Could you transcribe all of the data exactly and skip any pictures?

Collected data below:

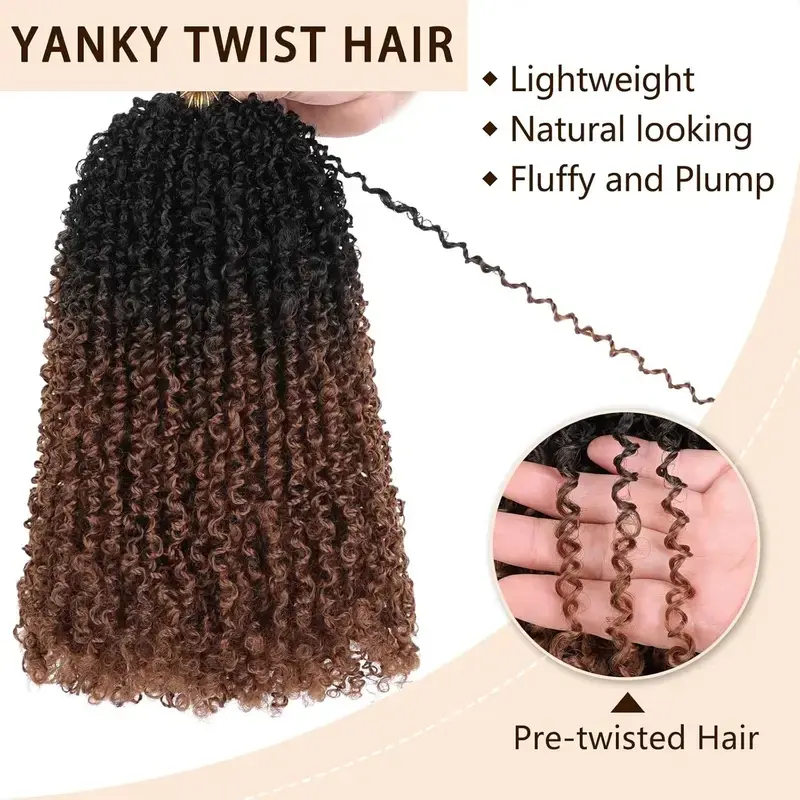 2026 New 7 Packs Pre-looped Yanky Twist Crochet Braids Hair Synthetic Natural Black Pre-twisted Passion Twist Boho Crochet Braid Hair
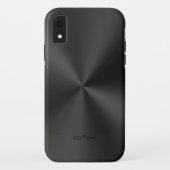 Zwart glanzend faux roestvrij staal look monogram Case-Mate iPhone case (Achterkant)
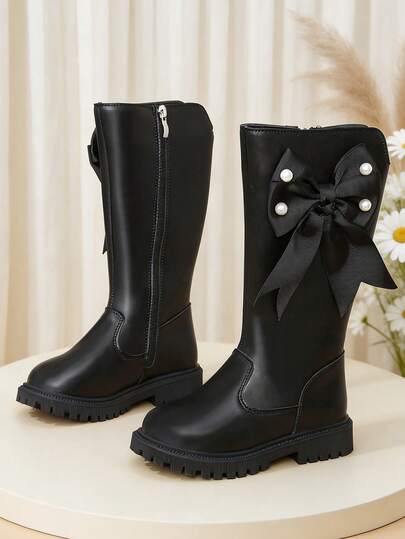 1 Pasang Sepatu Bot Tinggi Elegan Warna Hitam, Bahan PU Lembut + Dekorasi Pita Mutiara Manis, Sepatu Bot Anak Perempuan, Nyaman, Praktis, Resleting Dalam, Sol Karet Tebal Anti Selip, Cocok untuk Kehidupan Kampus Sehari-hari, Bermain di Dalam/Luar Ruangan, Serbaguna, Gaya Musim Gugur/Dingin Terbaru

End of Collected data.

Solution =
 2026 New 7 Packs Pre-looped Yanky Twist Crochet Braids Hair Synthetic Natural Black Pre-twisted Passion Twist Boho Crochet Braid Hair
 Zwart glanzend faux roestvrij staal look monogram Case-Mate iPhone case (Achterkant)
 1 Pasang Sepatu Bot Tinggi Elegan Warna Hitam, Bahan PU Lembut + Dekorasi Pita Mutiara Manis, Sepatu Bot Anak Perempuan, Nyaman, Praktis, Resleting Dalam, Sol Karet Tebal Anti Selip, Cocok untuk Kehidupan Kampus Sehari-hari, Bermain di Dalam/Luar Ruangan, Serbaguna, Gaya Musim Gugur/Dingin Terbaru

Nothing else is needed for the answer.